Lines from the Months of This Last Year: May

2.
Thank you for a lovely May Saturday. Cleaning Cherry Hill and Esbenshade roads with ladies from GPC and CMBC.
Grooveshark died yesterday.

TOO MUCH, DADDY. Help me. I'm talking too much. Help me just live. Write and sing this stuff. I'm SICK of it. Dirty. Melodrama, chess piece people. I'm angry and ashamed and afraid. And does any of that belong?
Sleep. Sleep it off. NO I CAN'T SLEEP IT OFF it's my own face looking back at me, I don't understand divorce and betrayal and yesses into "justified" noes.
How does one live?
Does good always die a martyr's death?
Deepen, broaden, sharpen me. Harden and soften (temper) me. Make me ready.
I need to love You.


5.
Thank You, Jesus, for the sweet parts of today. For a blissful earth, green and warming. For time to talk with friends. For J home. For the rain beating down - even though I just went out in the dark to water.

THANK YOU for the blast Mom and I had with the Bs yesterday. Those kids. I sang songs to them I hadn't sung in a very very long time. They were a magnificent audience (also choir and interpretive dancers). Loved playing telephone, giving piggyback rides, holding little T, petting the dogs, teaching origami (and learning it) with J. Giving real tangible help to A.

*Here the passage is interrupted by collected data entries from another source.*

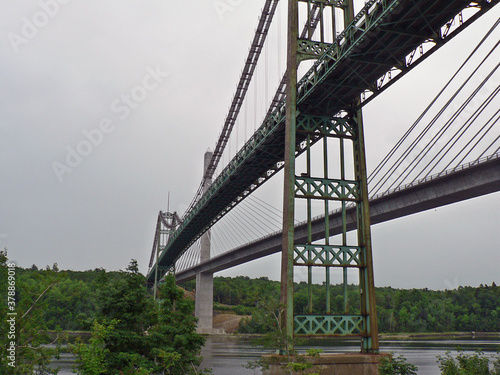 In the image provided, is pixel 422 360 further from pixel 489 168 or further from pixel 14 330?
pixel 14 330

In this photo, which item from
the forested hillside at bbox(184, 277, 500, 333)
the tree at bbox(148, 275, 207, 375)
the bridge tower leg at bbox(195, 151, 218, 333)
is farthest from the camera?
the forested hillside at bbox(184, 277, 500, 333)

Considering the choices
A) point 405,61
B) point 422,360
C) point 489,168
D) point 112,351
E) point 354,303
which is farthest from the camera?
point 354,303

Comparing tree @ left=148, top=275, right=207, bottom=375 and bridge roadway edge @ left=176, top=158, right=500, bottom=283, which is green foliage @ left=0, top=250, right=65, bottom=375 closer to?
tree @ left=148, top=275, right=207, bottom=375

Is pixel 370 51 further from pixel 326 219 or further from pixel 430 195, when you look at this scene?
pixel 430 195

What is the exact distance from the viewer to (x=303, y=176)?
22406mm

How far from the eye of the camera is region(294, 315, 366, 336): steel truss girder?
20.7 m

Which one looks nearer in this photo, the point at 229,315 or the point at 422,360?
the point at 422,360

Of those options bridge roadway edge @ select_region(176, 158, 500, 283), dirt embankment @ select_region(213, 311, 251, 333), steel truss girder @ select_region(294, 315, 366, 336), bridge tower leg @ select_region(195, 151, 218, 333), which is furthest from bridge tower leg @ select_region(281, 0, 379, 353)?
dirt embankment @ select_region(213, 311, 251, 333)

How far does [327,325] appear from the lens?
69.2ft

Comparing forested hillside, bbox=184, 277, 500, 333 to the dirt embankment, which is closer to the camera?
forested hillside, bbox=184, 277, 500, 333

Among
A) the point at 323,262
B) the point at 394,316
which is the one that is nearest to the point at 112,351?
the point at 323,262

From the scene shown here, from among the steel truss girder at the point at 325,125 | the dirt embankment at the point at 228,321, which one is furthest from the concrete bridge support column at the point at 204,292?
the steel truss girder at the point at 325,125

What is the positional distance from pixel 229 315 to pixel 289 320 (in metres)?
110

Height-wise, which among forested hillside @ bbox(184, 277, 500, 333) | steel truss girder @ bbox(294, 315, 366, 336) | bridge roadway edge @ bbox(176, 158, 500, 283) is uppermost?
bridge roadway edge @ bbox(176, 158, 500, 283) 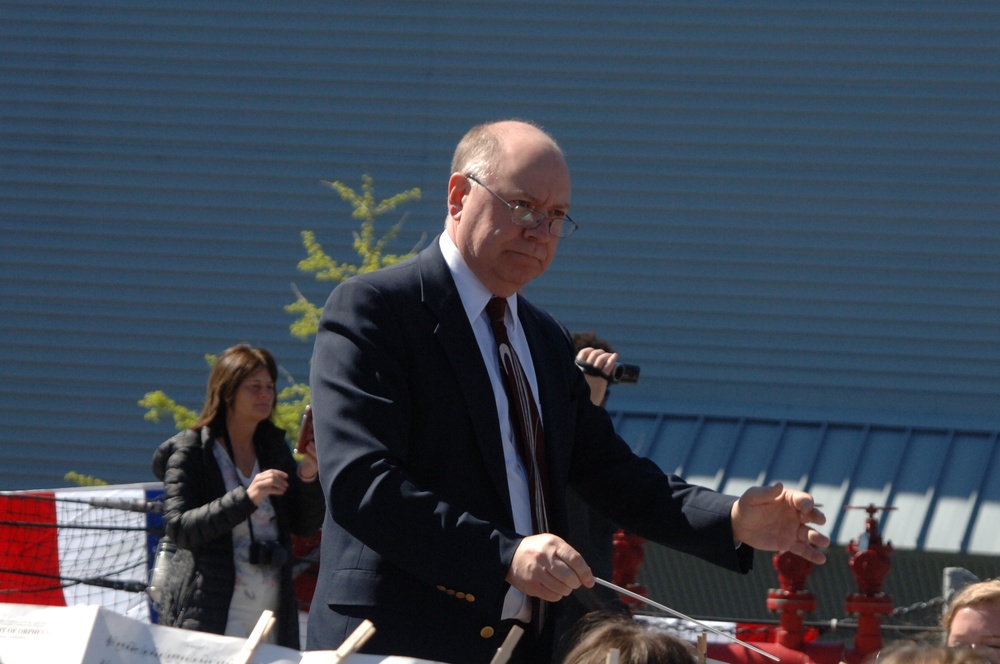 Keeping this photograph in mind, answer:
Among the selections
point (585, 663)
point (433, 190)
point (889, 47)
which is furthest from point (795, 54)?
point (585, 663)

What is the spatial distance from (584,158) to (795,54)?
1.77 m

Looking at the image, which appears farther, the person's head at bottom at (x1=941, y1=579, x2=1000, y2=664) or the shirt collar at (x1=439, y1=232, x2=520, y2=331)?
the person's head at bottom at (x1=941, y1=579, x2=1000, y2=664)

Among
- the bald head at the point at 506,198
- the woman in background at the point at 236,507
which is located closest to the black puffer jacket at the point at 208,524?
the woman in background at the point at 236,507

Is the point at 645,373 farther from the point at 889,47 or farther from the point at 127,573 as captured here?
the point at 127,573

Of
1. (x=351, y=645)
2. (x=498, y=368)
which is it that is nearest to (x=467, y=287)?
(x=498, y=368)

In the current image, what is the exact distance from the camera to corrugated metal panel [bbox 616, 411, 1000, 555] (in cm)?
945

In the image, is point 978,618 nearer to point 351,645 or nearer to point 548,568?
point 548,568

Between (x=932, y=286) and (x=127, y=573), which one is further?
(x=932, y=286)

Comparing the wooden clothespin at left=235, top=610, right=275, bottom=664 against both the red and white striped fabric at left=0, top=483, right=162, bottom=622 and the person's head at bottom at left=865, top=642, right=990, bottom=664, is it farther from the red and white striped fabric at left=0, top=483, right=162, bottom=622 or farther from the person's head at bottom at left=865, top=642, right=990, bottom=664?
the red and white striped fabric at left=0, top=483, right=162, bottom=622

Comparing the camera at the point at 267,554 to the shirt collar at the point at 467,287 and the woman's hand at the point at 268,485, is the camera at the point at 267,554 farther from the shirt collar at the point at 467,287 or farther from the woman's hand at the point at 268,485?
the shirt collar at the point at 467,287

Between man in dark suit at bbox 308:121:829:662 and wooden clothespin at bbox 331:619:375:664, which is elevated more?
man in dark suit at bbox 308:121:829:662

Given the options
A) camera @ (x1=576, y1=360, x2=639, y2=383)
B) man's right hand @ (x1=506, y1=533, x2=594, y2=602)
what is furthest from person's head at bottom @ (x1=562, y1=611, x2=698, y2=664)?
camera @ (x1=576, y1=360, x2=639, y2=383)

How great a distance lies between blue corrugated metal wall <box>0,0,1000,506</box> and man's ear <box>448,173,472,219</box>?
7.64 meters

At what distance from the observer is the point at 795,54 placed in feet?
34.5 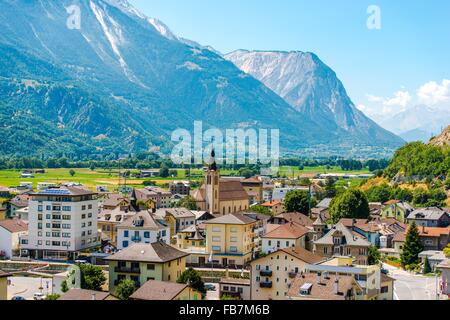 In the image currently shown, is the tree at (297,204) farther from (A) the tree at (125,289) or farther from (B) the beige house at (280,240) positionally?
(A) the tree at (125,289)

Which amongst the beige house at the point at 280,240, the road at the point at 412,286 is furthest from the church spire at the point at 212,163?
the road at the point at 412,286

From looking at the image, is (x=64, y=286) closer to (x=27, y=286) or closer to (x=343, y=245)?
(x=27, y=286)

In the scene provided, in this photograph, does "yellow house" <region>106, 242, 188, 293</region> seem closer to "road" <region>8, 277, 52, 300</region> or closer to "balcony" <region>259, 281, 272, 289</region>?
"balcony" <region>259, 281, 272, 289</region>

Forgive me, Daddy, for my self-centeredness, my desperation for comfort, my flippancy in love.
Help me choose You every moment when, like this afternoon, bitterness and curses rise. Or when, like tonight, I feel like proving myself. I have nothing to prove. I have You.
You have me. Remind me.


10. (Mother's Day)
So many reasons to need You, Abba.

W     I     S     D     O    M

Thank You for safe driving. That he picked her up during the father-daughter dance. That L smelled rocks for me. That I got to sing to You and the cows.
That K gave me $5 rather than $1.75.
That I have a Mama so loving and beloved, that C cried writing to her, and she cried reading from him. That all my bros called.
Thank You for honey sticks. And "new" clothes. And this much hair. And that I'm a woman. And that I can use who and what I am to bless people, and to please You.

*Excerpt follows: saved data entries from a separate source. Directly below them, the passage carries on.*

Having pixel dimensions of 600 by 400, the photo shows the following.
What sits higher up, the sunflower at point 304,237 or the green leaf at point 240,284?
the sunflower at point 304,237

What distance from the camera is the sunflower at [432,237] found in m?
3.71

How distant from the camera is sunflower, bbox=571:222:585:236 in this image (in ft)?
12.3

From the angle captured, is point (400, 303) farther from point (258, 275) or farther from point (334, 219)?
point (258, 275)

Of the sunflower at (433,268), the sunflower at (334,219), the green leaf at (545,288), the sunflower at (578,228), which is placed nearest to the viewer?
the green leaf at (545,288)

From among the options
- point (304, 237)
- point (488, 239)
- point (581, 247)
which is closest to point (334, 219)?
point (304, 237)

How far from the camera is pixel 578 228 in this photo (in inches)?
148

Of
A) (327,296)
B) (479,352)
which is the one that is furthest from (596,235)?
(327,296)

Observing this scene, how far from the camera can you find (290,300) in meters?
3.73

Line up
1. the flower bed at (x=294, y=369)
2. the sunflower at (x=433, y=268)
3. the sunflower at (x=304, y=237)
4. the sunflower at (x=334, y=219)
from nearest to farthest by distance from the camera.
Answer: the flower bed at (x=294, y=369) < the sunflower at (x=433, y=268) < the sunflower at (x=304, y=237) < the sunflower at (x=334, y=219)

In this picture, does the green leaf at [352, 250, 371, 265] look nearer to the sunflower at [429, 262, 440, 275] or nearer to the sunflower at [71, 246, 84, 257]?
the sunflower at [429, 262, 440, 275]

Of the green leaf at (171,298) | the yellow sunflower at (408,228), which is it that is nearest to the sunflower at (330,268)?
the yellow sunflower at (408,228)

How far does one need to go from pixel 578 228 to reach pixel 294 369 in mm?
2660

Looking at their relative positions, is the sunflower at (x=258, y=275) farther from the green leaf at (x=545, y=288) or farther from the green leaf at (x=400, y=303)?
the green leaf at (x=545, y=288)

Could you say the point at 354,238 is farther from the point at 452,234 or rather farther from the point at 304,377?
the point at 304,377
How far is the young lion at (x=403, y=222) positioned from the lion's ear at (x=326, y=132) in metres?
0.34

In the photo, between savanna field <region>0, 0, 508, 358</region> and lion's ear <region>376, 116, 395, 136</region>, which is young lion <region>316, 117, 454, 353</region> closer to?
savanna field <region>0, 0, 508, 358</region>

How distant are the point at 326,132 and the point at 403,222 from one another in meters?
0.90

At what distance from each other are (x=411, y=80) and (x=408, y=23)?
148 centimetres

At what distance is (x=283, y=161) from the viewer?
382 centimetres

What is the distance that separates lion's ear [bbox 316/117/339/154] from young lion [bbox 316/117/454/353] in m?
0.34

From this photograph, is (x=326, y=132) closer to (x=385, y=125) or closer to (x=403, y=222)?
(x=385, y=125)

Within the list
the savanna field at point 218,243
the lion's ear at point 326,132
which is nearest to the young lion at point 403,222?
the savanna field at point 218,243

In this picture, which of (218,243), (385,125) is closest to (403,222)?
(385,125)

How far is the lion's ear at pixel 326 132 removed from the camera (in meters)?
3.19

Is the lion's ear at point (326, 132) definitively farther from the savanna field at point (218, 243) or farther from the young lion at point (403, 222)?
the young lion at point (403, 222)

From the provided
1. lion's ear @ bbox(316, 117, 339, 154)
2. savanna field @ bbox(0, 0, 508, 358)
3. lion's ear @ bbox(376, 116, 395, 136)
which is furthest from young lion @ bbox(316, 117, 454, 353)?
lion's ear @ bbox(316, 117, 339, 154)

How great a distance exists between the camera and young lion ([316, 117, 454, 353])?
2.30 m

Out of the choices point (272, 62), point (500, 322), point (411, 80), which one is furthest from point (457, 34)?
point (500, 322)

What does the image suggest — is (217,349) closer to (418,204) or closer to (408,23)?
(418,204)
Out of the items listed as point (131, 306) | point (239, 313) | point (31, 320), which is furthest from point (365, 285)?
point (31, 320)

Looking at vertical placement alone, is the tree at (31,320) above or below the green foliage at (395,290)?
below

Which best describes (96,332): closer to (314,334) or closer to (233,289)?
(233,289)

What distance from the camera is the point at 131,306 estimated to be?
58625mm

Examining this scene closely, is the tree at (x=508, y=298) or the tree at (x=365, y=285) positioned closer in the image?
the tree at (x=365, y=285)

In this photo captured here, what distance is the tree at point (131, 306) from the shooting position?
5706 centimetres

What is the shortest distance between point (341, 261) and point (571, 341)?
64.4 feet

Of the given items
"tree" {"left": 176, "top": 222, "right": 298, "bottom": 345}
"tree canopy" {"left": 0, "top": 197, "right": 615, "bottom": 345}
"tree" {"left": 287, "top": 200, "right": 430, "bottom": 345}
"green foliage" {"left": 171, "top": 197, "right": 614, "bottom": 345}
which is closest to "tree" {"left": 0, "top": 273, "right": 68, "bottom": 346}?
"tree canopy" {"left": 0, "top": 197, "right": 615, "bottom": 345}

Please give me love for You, Your FACE not just Your hands. Help me live for You. I mean, not to win a man or deserve a deep relationship & career; for You.


12.
You are the most interesting thing ever. Help me realize that.


22.
I haven't written much recently. I guess that's OK. I don't have to feel like myself.
Everything doesn't have to be tidy and settled... and it's not.
But help me, O God. Bring to mind and heart what must & should be there.
I will drop and spoil everything otherwise.

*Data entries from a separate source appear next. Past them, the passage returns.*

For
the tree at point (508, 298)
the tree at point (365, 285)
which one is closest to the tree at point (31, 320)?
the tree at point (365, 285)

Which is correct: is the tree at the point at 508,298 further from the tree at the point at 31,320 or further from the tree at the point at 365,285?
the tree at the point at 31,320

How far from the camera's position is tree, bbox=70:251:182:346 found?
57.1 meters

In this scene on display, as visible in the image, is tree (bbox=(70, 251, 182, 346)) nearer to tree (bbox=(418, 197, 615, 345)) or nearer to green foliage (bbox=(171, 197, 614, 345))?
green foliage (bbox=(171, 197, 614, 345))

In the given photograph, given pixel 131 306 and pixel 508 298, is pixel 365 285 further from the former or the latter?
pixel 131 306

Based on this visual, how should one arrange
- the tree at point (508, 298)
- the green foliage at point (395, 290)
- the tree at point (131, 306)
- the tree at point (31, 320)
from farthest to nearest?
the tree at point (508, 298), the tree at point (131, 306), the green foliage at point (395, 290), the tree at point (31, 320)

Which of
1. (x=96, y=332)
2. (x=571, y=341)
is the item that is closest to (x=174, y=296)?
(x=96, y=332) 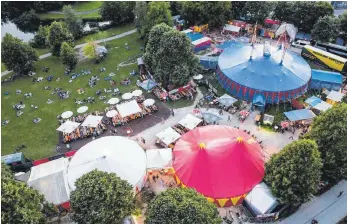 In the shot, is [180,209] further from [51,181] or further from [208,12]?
[208,12]

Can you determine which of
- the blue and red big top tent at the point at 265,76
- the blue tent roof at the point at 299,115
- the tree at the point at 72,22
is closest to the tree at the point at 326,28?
the blue and red big top tent at the point at 265,76

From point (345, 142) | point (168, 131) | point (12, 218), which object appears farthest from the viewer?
point (168, 131)

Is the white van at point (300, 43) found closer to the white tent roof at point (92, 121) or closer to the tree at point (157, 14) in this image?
the tree at point (157, 14)

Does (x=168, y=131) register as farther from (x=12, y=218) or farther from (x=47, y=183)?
(x=12, y=218)

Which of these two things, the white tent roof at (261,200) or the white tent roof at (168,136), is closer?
the white tent roof at (261,200)

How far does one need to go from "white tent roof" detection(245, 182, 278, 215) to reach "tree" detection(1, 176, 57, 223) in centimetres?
1921

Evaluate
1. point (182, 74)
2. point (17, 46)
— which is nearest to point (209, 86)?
point (182, 74)

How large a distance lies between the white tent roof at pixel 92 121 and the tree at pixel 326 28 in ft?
132

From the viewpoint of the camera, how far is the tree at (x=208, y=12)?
58.5 m

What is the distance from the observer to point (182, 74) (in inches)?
1729

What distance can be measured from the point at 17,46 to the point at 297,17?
50028 millimetres

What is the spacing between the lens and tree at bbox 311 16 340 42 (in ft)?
172

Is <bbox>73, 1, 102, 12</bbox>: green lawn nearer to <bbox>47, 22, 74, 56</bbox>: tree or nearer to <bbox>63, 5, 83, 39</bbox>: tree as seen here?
<bbox>63, 5, 83, 39</bbox>: tree

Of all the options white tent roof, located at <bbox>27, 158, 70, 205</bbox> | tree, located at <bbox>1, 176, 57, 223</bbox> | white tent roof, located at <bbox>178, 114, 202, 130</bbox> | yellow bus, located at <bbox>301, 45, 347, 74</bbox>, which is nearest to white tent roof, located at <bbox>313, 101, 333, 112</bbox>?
yellow bus, located at <bbox>301, 45, 347, 74</bbox> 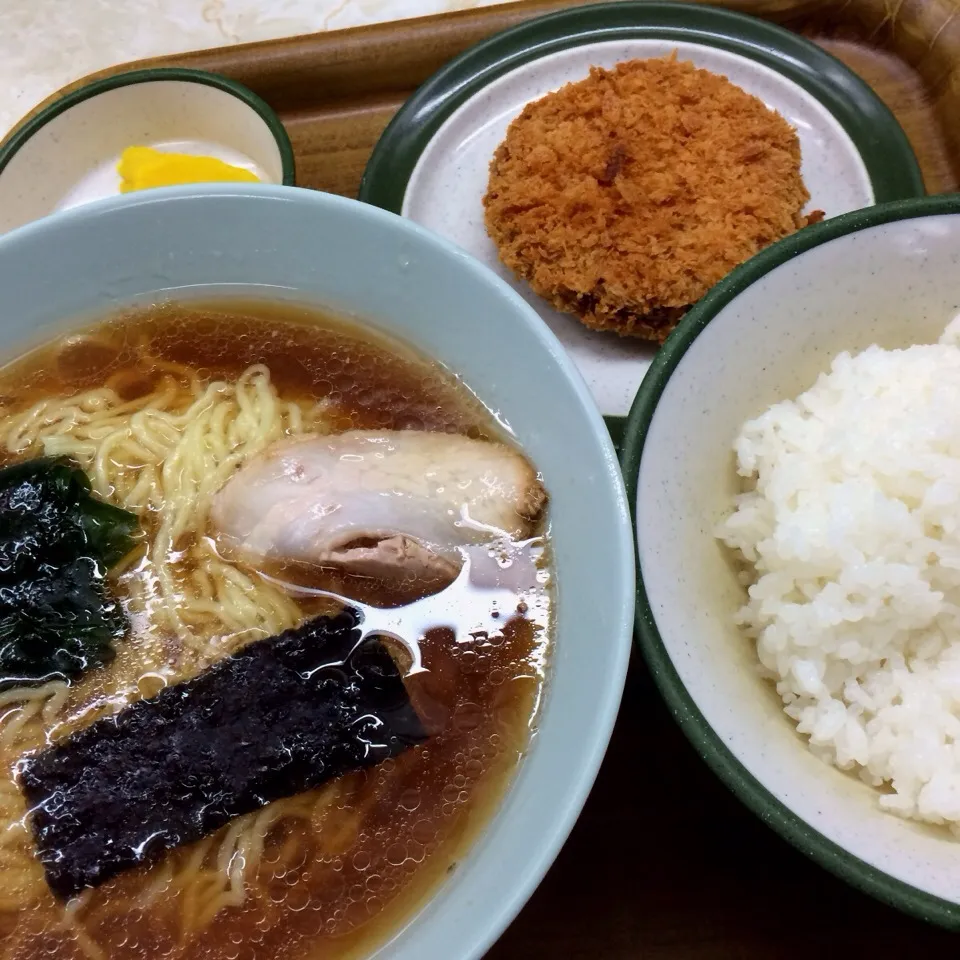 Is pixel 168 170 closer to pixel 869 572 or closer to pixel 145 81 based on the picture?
pixel 145 81

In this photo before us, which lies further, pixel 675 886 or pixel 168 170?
pixel 168 170

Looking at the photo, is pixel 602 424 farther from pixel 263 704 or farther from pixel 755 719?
pixel 263 704

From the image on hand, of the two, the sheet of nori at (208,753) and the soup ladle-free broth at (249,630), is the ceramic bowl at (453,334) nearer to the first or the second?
the soup ladle-free broth at (249,630)

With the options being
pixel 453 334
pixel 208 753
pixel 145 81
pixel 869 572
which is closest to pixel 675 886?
pixel 869 572

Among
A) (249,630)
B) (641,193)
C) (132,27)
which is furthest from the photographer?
(132,27)

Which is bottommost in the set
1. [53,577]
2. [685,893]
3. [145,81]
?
[685,893]

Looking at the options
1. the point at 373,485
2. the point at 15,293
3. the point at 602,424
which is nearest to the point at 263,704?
the point at 373,485

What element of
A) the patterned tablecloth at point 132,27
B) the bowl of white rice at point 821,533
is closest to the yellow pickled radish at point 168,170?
the patterned tablecloth at point 132,27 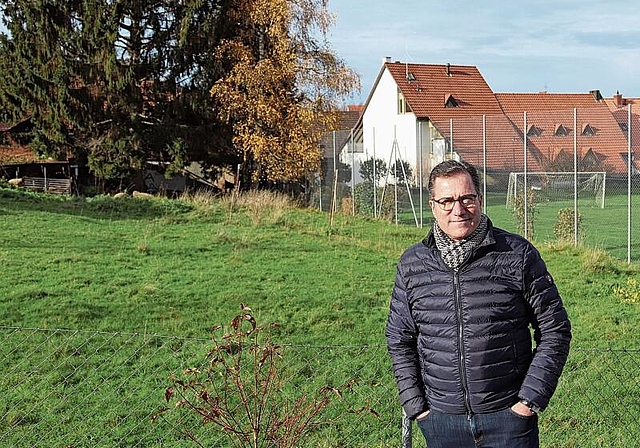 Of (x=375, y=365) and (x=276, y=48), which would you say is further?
(x=276, y=48)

Hone my skills, God. Help me work well, while I can, and not be wasteful, and not be slothful, and not be selfish. Help me to be wholly generous.

Thank You for a lovely afternoon with the ladies. For her willingness to tell me about her mom's cancer, and to let me pray with her by the energy bars.

Life is so short. O God, I don't want to hold back from loving, obeying, or saying the truth. Help me. I don't want any secrets. Not even crushes. Bind my restless tongue. Help my words, from my heart, be true and without sin, shame or lovelessness. FILL ME WITH YOUR LOVE and that will make me right. Right with You, O God.
I am, praise Jesus.


24. (Pentecost)
Help them know how to grieve. May what overwhelms them most be the LOVE they experience from YOUR PEOPLE.
Oh Jesus, defeater of sin and death, Satan and all his influence. You Are LORD. Amen.


27.
Will traveling always do this to me?
But You can make me willing to do anything.

Settle me into you, O God, and may I not be afraid of any feeling.

Glory to You, Lord Christ.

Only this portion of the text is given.